Mysterious Mars Haze Puzzles Scientists

PHOTO: An image of Mars made by the Hubble Space Telescope on May 17, 1997 shows an unusually high-altitude plume. JPL/NASA/STScI
An image of Mars made by the Hubble Space Telescope on May 17, 1997 shows an unusually high-altitude plume.

A mysterious large plume that has been observed intermittently around Mars is baffling astronomers.

The cloud was first observed by amateur astronomers in March 2012 quickly appearing and then vanishing. A second iteration of the haze followed the same pattern in April of the same year and stretched more than 600 miles across the thin Martian atmosphere, according to scientists.

What the features had in common was how they developed over the span of just a few hours and remained visible for around 10 days, with the structure consistently changing.

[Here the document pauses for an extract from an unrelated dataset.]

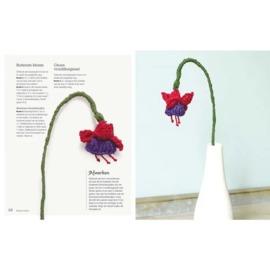 Bloemen haken - Emma Varnam
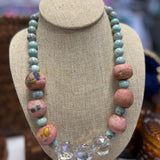 Sari Bead Necklace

The haze was not photographed by spacecraft orbiting Mars at the time because of "their viewing geometries and illumination conditions at the time," the European Space Agency said.

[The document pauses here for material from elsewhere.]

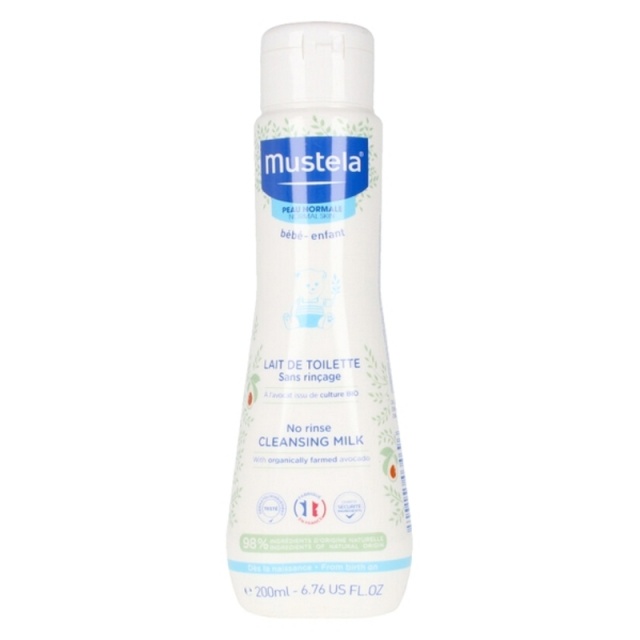 Mustela lapse niisutav ihupiim (200ml)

An image taken by the Hubble Telescope on May 17, 1997, reveals a similar cloud lingering high in Mars' atmosphere. Scientists are now studying the image and comparing it to the ones taken by amateur astronomers in the spring of 2012.

Agustin Sanchez-Lavega, the lead author on a paper about the Mars mystery published in the journal "Nature," said that while there isn't an official explanation, he has several theories about what may have caused the haze.

"One idea we've discussed is that the features are caused by a reflective cloud of water-ice, carbon dioxide-ice or dust particles, but this would require exceptional deviations from standard atmospheric circulation models to explain cloud formations at such high altitudes," he said.

Another theory: The haze may be an auroral emission.